Review: Mea Culpa (2014)
ShareAll sharing options for:Review: Mea Culpa (2014)
- Twitter (opens in new window)
- Facebook (opens in new window)
- Linkedin (opens in new window)
- Reddit (opens in new window)
- Pocket (opens in new window)
- Flipboard (opens in new window)
- Email (opens in new window)
This might as well have been a Liam Neeson film for all the mind-numbing generic action that seems to have been clumsily written in to it. At its heart, Mea Culpa is a foreign film trying to appeal to the American action market.
I thought foreign films were supposed to be more creative than generic action films. Clearly, this film substituted story for cheap thrills. For a ‘French thriller’, there are surprisingly little thrills in this, dare I say it, disappointment to French cinema.

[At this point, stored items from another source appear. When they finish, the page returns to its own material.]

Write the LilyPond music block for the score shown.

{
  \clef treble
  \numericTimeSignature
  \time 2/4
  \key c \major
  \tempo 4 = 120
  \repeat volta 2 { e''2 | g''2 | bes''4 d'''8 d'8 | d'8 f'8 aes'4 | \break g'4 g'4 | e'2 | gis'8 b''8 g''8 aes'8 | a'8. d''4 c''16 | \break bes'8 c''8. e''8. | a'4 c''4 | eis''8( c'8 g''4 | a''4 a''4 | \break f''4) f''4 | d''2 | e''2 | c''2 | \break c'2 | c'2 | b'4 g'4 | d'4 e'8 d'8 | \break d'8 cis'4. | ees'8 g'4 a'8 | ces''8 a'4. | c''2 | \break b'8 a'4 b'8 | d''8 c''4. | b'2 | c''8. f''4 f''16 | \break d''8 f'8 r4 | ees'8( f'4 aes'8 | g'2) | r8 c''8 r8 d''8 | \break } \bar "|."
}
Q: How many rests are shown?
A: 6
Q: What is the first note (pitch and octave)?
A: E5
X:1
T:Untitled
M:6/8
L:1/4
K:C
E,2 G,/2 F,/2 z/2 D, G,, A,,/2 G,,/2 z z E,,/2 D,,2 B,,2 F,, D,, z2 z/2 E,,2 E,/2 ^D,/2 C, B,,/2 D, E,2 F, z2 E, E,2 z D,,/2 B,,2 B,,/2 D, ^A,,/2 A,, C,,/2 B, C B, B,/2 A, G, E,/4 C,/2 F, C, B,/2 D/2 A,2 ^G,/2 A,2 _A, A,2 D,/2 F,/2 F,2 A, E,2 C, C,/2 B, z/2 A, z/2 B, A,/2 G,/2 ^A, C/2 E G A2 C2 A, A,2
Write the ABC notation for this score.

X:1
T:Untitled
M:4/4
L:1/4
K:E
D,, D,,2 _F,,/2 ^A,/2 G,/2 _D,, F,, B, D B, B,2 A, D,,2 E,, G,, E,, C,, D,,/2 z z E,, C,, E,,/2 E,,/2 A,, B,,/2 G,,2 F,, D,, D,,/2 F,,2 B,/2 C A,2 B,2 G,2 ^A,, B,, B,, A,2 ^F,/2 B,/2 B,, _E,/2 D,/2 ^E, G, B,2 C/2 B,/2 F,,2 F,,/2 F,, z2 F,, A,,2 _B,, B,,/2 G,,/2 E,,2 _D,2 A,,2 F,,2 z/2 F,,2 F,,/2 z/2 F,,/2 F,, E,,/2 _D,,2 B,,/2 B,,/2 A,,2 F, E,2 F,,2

Vincent Lindon and Gilles Lellouche fight bald henchmen because someone’s son saw something or other. That will be how you’ll tell the plot of this feature to your friends. The story is largely forgettable but goes something like this. Simon (Lindon) is an armoured car driver for the police. He becomes intoxicated on the job and the family that he is driving gets killed in a car accident that he caused. He is discharged from the police and has sleepless nights, etc. Some gang members who kill people kill some people, and Simon’s son Theo (Max Baissette de Malglaive) just happens to witness it – cue unrealistic chase sequence. Theo, a nine year-old child, outruns a gang member. I’ll let that sink in for a moment….
Their family goes to the police for some more filler dialogue, but when they leave, some motorbike-riding gangsters attempt to shoot the kid in what you might call extremely public daylight. The mother, Alice (Nadine Nabaki), tells her child to run while she remains behind the cover of a car, a wildly irresponsible thing to say to a nine year-old child. The kid runs and again outruns a man with a knife. Simon apprehends the man with a knife. There is a big shootout at a nightclub and…that’s it!
All in all, the film felt rushed and irregularly paced; throwing in a chase scene, then a forced emotional moment, then a shootout, then another forced emotional moment, followed by another chase scene. It was a disappointing feature that did not put all of the creativity it had into character development. Instead, it wasted its potential on pointless chase sequences to try and over-saturate the audience into saying “wooh, hit that guy, yeah.”
I do have to give some credit for the editing, cinematography and artful direction, though. Kudos, Fred Cavaye. The storytelling could use some practice and the writing was lacking. The foley was noticeably uninspired and the music was forgettable. Not a bad effort but could have been a lot better.